Il savait bien qu’il lui serait impossible d’intervenir dans les détails, que si la guerre éclatait, l’instrument, aussi parfait qu’on le supposât, échapperait à son contrôle, et que l’action personnelle du général en chef ne pourrait s’exercer que s’il avait en mains des organes de transmission et de direction excellents.
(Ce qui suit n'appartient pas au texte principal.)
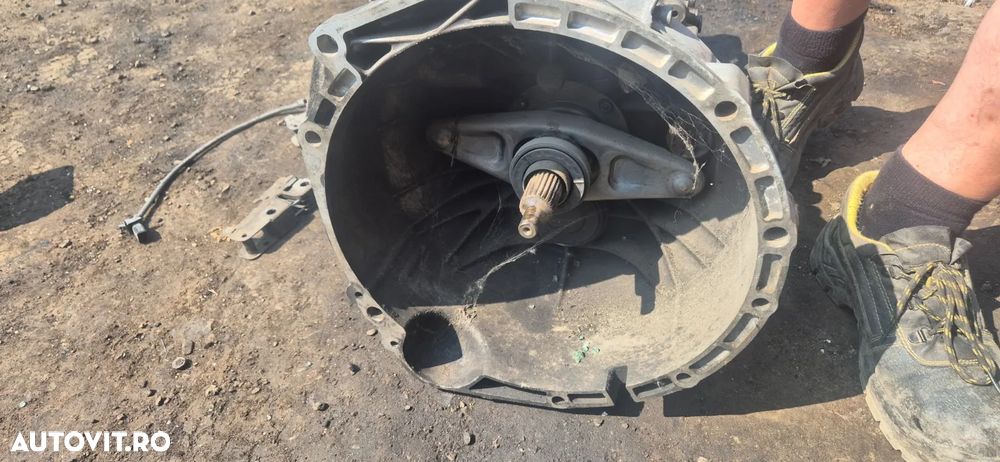 Cutie de viteze manuala 6 trepte cu start stop 2.0d N47D20A 1069401105 BMW Seria 3 E90 E91 E92 E93  2008 - 2013 6+1 - 7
Et c’est pourquoi il s’employa, dès avant la guerre, à grouper autour de lui des officiers remarquables tant par leurs connaissances professionnelles que par la sûreté de leur jugement et la fermeté de leur caractère. Ce personnel, il voulait le connaître individuellement. Des voyages d’année, des travaux sur la carte le mirent en contact fréquent et presque permanent avec les généraux et les officiers de mérite, et quand la mobilisation porta, aux frontières de la France, toutes les forces militaires du pays, le général Joffre avait acquis la connaissance particulière des hommes qui devaient être partout ses auxiliaires immédiats, et qu’il avait en quelque sorte imprégnés de ses méthodes. Il leur faisait confiance comme ils lui faisaient confiance.

C’est dans cette collaboration intime que résidait (l’événement l’a bien prouvé) la force même de l’armée en temps de guerre. Joffre l’a dit dans son discours de réception à l’Académie, quand il célébrait ces États-majors qui demeurèrent dans la tempête « fermes comme des rocs, » qui ranimèrent les courages, soutinrent les volontés et qui surent garder, avec une parfaite lucidité d’esprit, un entrain, un optimisme, une fermeté et une continuité de vues dignes de la cause qu’ils servaient.

Si le général Joffre avait eu plus de temps, il eût sans doute procédé, dans le haut commandement, à certaines éliminations et sélections qui s’imposèrent dès les premiers jours de la guerre.